'''

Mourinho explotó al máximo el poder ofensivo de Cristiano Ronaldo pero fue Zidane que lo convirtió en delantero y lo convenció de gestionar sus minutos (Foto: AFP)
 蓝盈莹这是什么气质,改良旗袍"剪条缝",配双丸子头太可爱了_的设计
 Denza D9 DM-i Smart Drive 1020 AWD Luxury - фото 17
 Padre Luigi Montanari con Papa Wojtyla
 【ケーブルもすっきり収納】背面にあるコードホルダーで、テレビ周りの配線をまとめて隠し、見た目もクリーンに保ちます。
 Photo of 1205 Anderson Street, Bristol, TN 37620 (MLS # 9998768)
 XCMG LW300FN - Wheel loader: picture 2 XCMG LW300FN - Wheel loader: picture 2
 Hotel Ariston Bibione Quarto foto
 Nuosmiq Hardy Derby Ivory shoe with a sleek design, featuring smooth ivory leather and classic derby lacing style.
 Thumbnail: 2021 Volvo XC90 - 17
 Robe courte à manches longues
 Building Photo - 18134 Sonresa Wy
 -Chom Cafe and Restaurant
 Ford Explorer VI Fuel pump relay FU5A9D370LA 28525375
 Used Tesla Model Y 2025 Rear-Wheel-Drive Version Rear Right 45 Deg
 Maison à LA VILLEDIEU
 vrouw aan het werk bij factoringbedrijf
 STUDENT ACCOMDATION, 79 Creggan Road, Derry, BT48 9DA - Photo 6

'''

**Your goal**. Restate, word for word and without additions, every line from the top of the listing above through the line that contains "Hotel Ariston Bibione Quarto foto".

**Response to this exercise**.
Mourinho explotó al máximo el poder ofensivo de Cristiano Ronaldo pero fue Zidane que lo convirtió en delantero y lo convenció de gestionar sus minutos (Foto: AFP)
 蓝盈莹这是什么气质,改良旗袍"剪条缝",配双丸子头太可爱了_的设计
 Denza D9 DM-i Smart Drive 1020 AWD Luxury - фото 17
 Padre Luigi Montanari con Papa Wojtyla
 【ケーブルもすっきり収納】背面にあるコードホルダーで、テレビ周りの配線をまとめて隠し、見た目もクリーンに保ちます。
 Photo of 1205 Anderson Street, Bristol, TN 37620 (MLS # 9998768)
 XCMG LW300FN - Wheel loader: picture 2 XCMG LW300FN - Wheel loader: picture 2
 Hotel Ariston Bibione Quarto foto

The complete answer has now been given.